Autocorrect : GR8 or GTFO?

Autocorrect : GR8 or GTFO?

By February 2, 2016 BlogPost 2 Comments

One of the common themes in both our class discussions and reading materials is the tendency to view the ability to read and write as superior to other forms of communication such as oral traditions. I suppose texting could be grouped under the umbrella of “Being Able to Write”, even though it takes on a digital form. However with all of the built-in features that ensure correct spelling and grammar, is texting lowering our ability to think for ourselves? To develop our own level of literacy, however it may be defined?

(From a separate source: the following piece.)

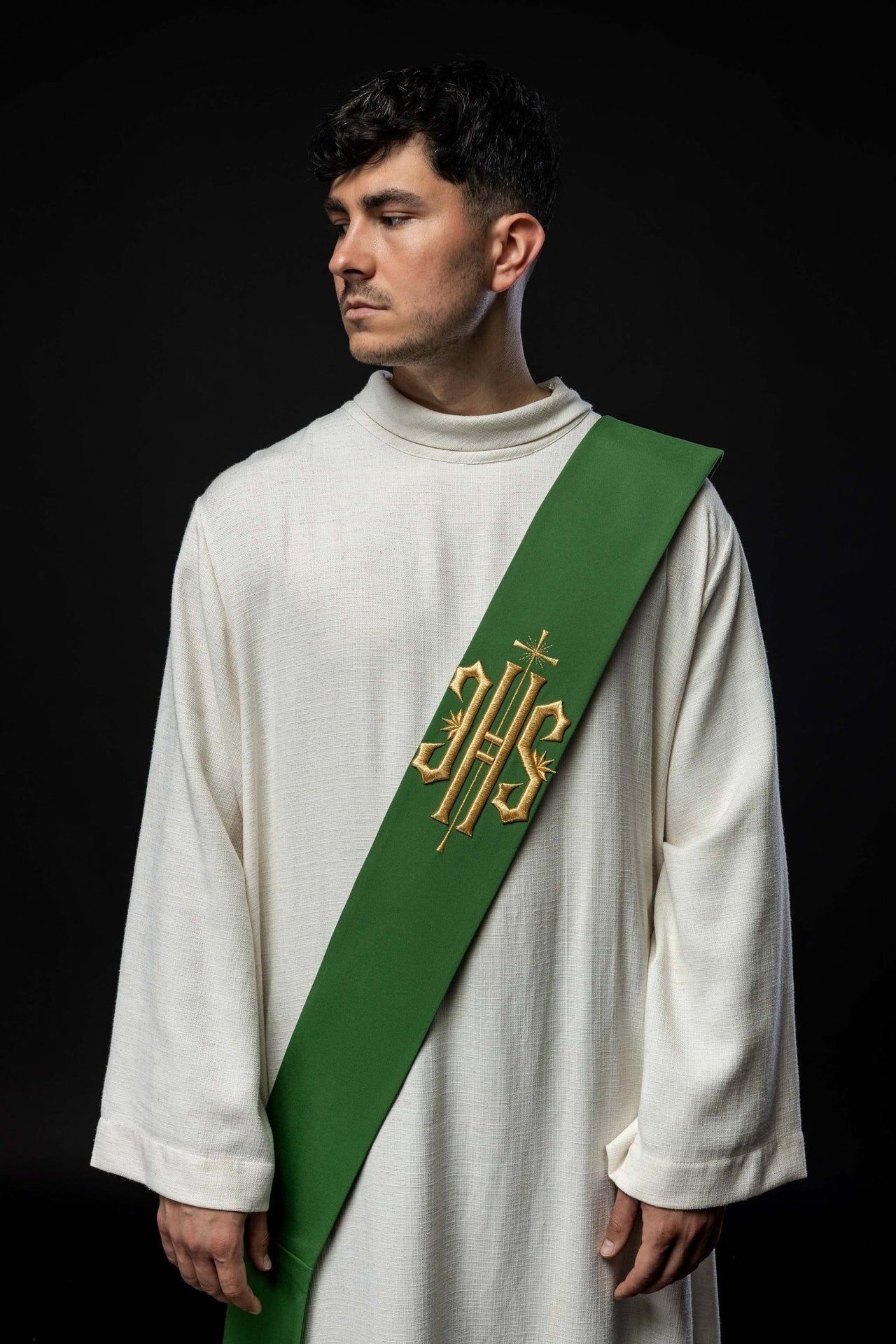 Stuła Diakońska haftowana IHS z Krzyżem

I know for myself, I will often times type letters near the word that I am trying to spell in hopes of my phone getting the general idea. With the decline of written word and an increase in communication via screen, perhaps autocorrect is purely helpful (if I’m honest, I’ve used it multiple times already just writing this post). I can’t help but wonder, however, if dependence on a device to magically make us perfect spellers won’t have some kind of negative effect on our ability to recognize and form words on our own.

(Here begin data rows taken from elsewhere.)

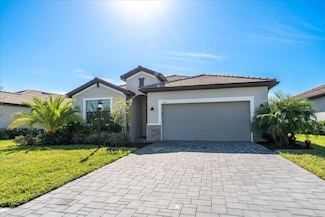 5161 Coral Reef Way, Bradenton, FL 34211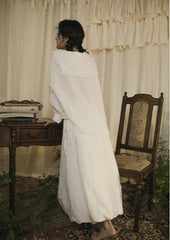 Blusa Teresa de lino y algodón con cuello puritano y manga larga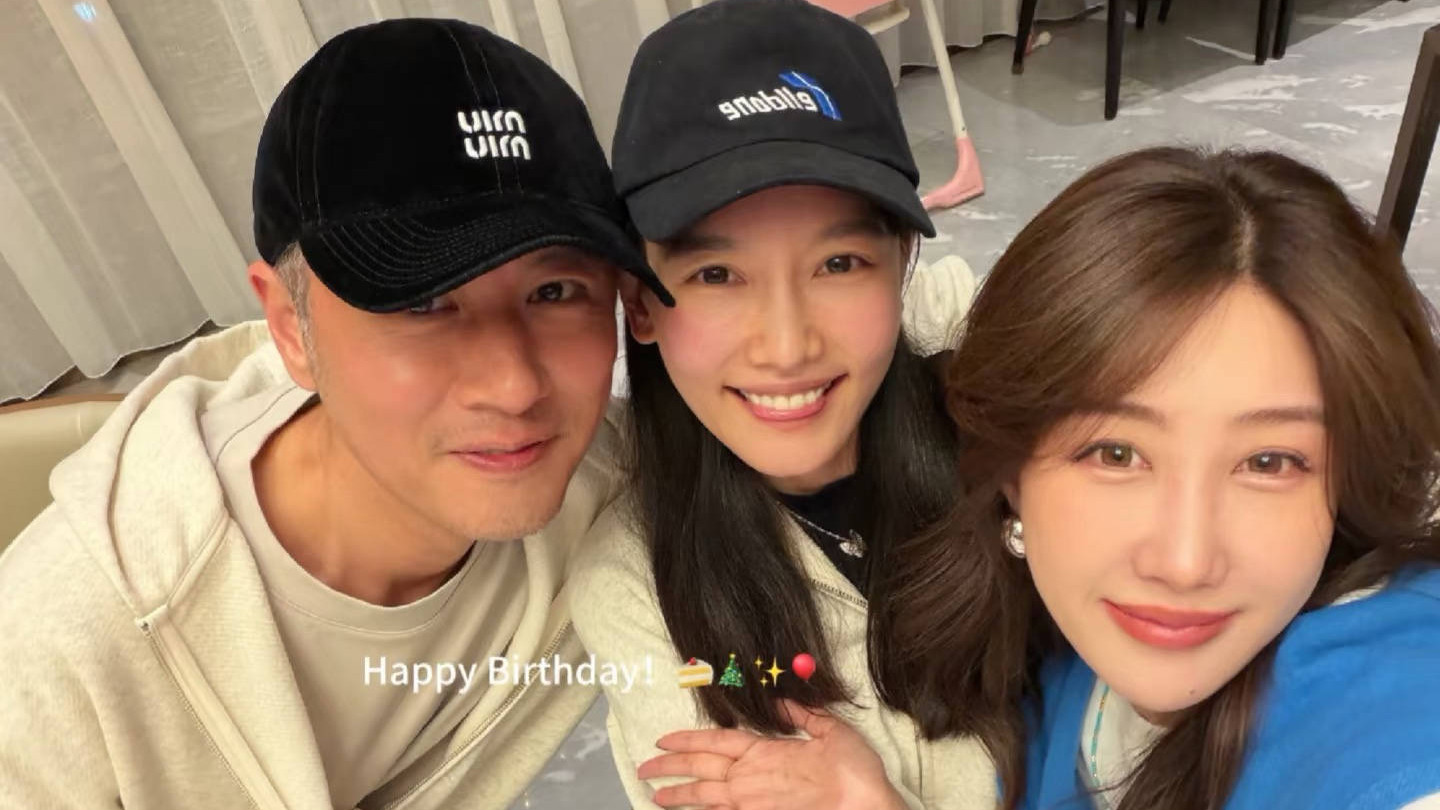 任重接父母重庆过年，曾自曝老丈人强势宠女，一个人街边吃豌杂面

  • Theresa B Theresa B says:

    Reading your blogpost, I couldn’t help but think of the scene from the movie Easy A where Olive’s younger brother says “I got a B on my spelling test today!” and his mom replies, “that’s nice, honey, but everything has spell check nowadays.”

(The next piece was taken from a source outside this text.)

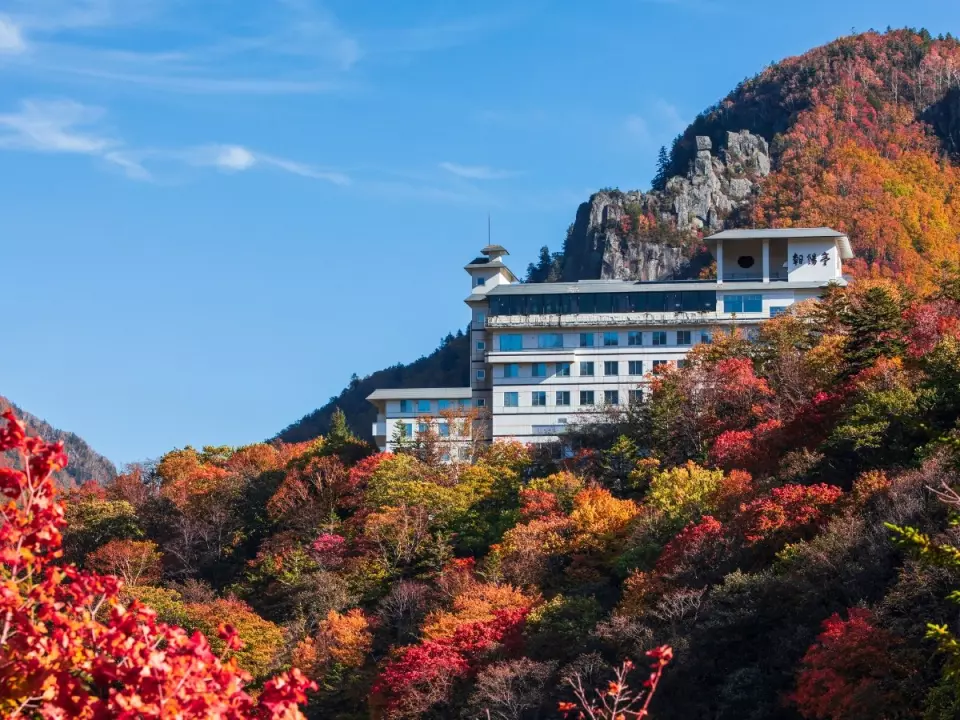 trai-nghiem-nghi-duong-tai-khach-san-sounkyo-choyotei-tan-huong-suoi-nuoc-nong-giua-thien-nhien-hung-vi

    I feel like your questions fit into the article about writing technology– do the technologies that help us with writing include spell-check, autocorrect, and find and replace? Do these technologies also require a specific kind of acceptance over time?

  • Kyla P Kyla P says:

    I’ve been thinking about this a lot as well! Personally I would be lost without spellcheck. I always did well on spelling tests as a child but when it came to writing papers my spelling prowess seemed to go out the window.
    I think that spellcheck has become so ingrained in our writing that it will never go away. It’s in conjunction with the impact of the computer and it will most likely only evolve over time. And I think they are widely accepted now. My younger sister’s entire public schooling is conducted with computers now and the use of spellcheck is so natural to her and her peers that I don’t think she even thinks twice about it. Now whether or not that is a good thing is a whole other discussion.